How Linen Is Made — From Flax Field to Finished Cloth
How Linen Is Made — From Flax Field to Finished Cloth
On the full journey of Belgian linen — from the ground in northern Belgium to the PP atelier in Dubai.
Linen begins in the ground. This is not a poetic description — it is a literal one. The flax plant grows from seed in the particular soil of northern Belgium and France, reaching full height in approximately a hundred days. It is harvested whole — pulled from the ground by the roots rather than cut, to preserve the full length of the stem and the full length of the fibre within it. That length is what makes Belgian linen what it is.
From field: retting
After harvesting, the flax undergoes retting — a process in which the stems are laid on the ground or submerged in water to allow the natural decomposition of the outer material, separating the usable flax fibre from the woody core. Water retting, the traditional method, produces the finest, most consistently coloured fibre. It is slower than other methods and requires specific conditions to work correctly. The climate of Belgium and northern France makes it possible.

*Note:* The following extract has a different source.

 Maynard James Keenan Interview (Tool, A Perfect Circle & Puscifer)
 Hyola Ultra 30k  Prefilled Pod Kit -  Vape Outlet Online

“From the ground to the garment, every step is a reduction — removing everything that is not the fibre.”
— Pieter Petros, founderFrom retting: scutching
The retted stems are dried, broken, and scutched — a process of mechanical beating that removes the remaining woody material and separates the long line fibre from the shorter tow fibre. The line fibre — the longer, finer filaments — is what becomes the finest linen fabric. It is combed, drawn into a continuous thread, and spun into yarn.
From yarn: weaving
Belgian linen weaving follows traditions that are centuries old, carried out on looms that produce the particular weight and structure of the cloth. PP uses Belgian linen woven for garment use: substantial enough to hold its drape and structure, fine enough to breathe against the skin and settle with wear. The full character of the finished cloth — how it feels, how it drapes, how it improves with washing — is determined at this stage.
From cloth: the atelier
The finished cloth arrives at the PP atelier in Dubai. There it is cut by hand, constructed by hand, and finished with natural buttons — walnut, seashell, corozo nut — chosen for each garment. A certificate of origin accompanies every finished piece, confirming that the linen is what it is claimed to be: grown, retted, woven, and certified in the region that produces the finest linen in the world.
From flax field to finished garment, the process is one of reduction — removing everything that is not the fibre, until what remains is a cloth of exceptional quality and known provenance.
This is how linen has been made for thousands of years. At its finest, it is still made this way now.